# Input data:
---

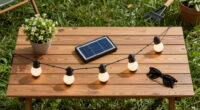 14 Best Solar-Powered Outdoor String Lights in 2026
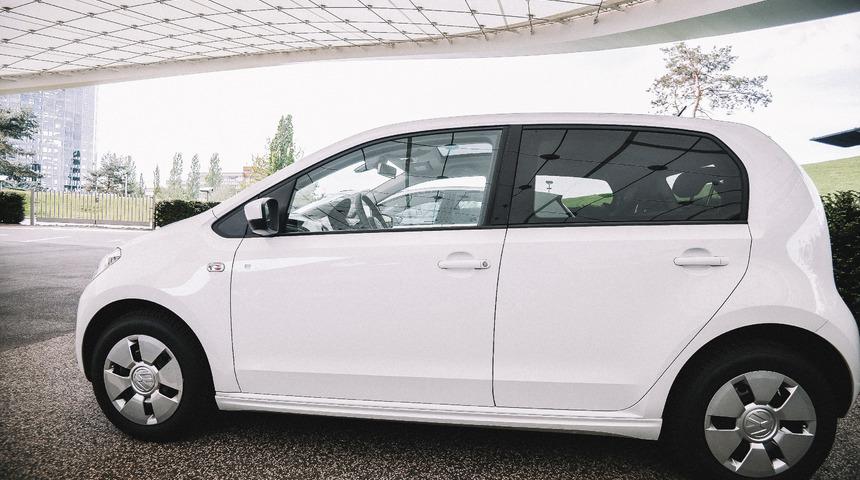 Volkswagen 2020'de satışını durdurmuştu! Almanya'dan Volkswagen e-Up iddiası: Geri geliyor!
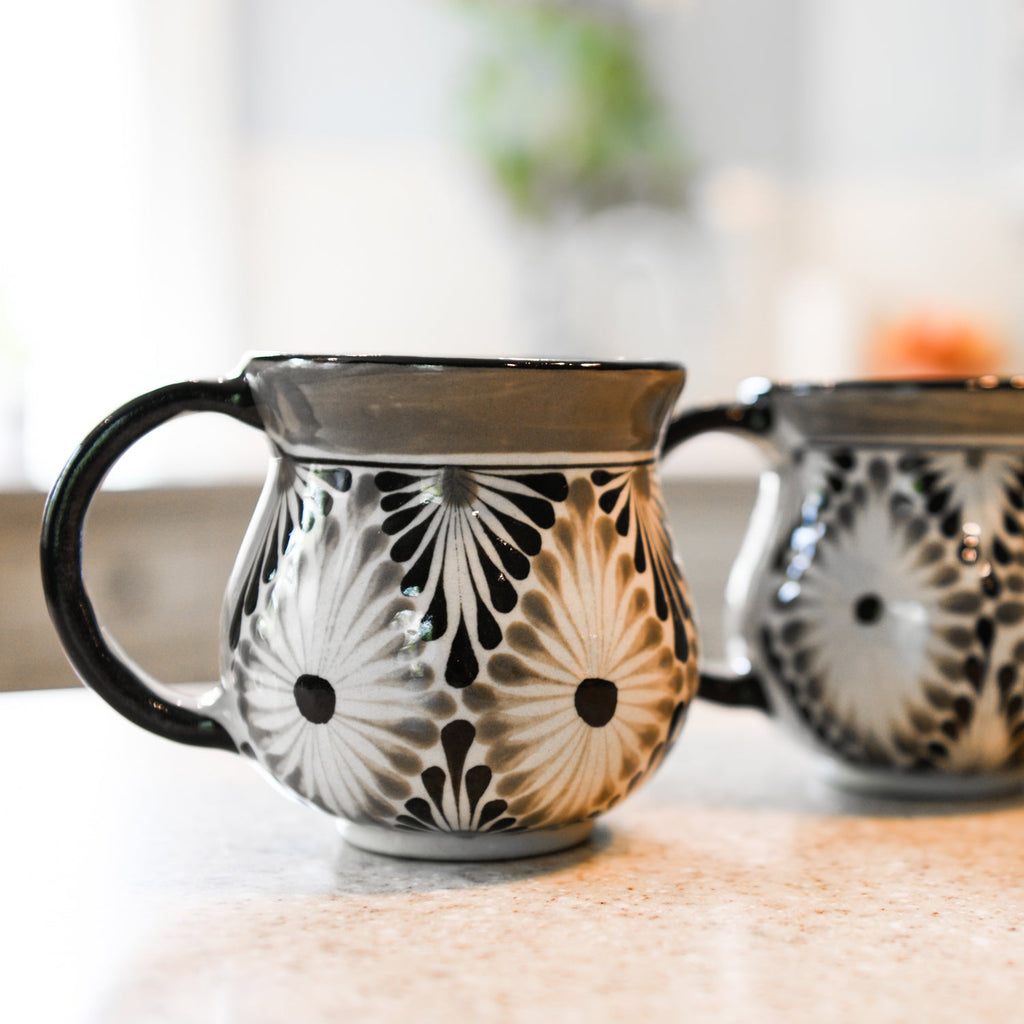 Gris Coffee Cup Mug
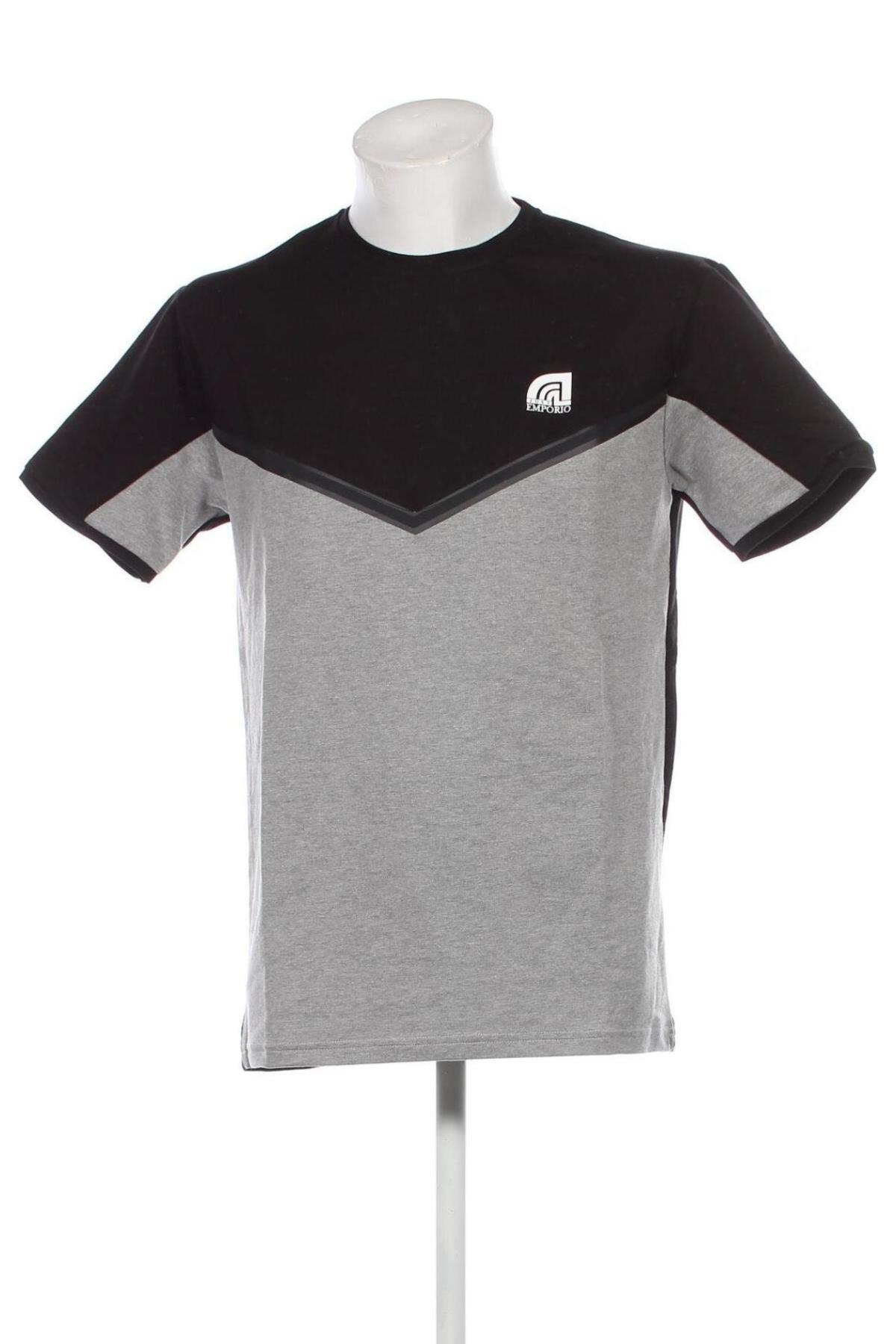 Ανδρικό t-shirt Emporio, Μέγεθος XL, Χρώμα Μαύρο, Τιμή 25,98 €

---

# What is expected:
Type out the data above again exactly as written, minus the images.

# Answer area:
 14 Best Solar-Powered Outdoor String Lights in 2026
 Volkswagen 2020'de satışını durdurmuştu! Almanya'dan Volkswagen e-Up iddiası: Geri geliyor!
 Gris Coffee Cup Mug
 Ανδρικό t-shirt Emporio, Μέγεθος XL, Χρώμα Μαύρο, Τιμή 25,98 €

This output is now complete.